Men less likely to wear face masks because it is ‘a sign of weakness’

Men are less likely to wear face masks in public to protect against COVID-19 because it is a “sign of weakness”, new research suggests.

Researchers at Middlesex University found that more men than women believe that wearing a face mask is “shameful” and not “cool” in the survey of 2,459 people living in the US.

“Our results also revealed that men are more likely to express negative emotions and stigma when wearing a face covering mask,” co-leader of the study, Dr Valerio Capraro, said.
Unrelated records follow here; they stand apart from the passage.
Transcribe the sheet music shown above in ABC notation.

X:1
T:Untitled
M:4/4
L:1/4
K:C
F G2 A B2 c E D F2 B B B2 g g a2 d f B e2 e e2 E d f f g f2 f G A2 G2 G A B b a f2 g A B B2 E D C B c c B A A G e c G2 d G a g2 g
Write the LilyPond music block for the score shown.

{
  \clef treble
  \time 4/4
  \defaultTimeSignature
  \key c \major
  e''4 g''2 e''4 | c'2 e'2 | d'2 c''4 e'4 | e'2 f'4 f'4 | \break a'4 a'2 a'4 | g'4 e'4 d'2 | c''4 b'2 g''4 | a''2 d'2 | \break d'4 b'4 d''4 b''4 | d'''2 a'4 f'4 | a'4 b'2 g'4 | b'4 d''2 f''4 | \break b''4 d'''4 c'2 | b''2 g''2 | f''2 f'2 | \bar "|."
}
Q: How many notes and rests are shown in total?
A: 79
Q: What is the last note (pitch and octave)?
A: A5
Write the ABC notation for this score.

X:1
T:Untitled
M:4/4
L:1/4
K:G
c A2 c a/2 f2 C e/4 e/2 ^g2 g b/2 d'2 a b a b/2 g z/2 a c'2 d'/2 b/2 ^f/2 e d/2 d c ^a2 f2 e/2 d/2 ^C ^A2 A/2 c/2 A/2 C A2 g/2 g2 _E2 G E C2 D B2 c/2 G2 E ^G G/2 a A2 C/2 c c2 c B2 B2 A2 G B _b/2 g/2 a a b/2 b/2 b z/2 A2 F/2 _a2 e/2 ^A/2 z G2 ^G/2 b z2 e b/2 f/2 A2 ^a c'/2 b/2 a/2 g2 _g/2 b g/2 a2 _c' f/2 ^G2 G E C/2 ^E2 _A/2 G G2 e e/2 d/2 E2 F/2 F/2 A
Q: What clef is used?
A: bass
File photo dated 17/03/20 of a person wearing a face mask. Wearing face masks in public is a "personal choice" that will boost public confidence, though the health benefits may only be "modest", a Government minister has said.
Image:The research did suggest men and women were more inclined to wear masks if they lived in countries where the law stated they had to

Participants were asked about their intentions to wear a face mask outside the home, engaging in social activities and with people from another household.

The findings revealed that men were less inclined to wear a face mask outside the home compared with women.

Women were found to be more likely to wear face masks during essential activities than men.

The research also found that more men disagreed with the statement “wearing a face covering is cool” than women, but were more likely to believe “wearing a face covering is shameful” and “wearing a face covering is sign of weakness”.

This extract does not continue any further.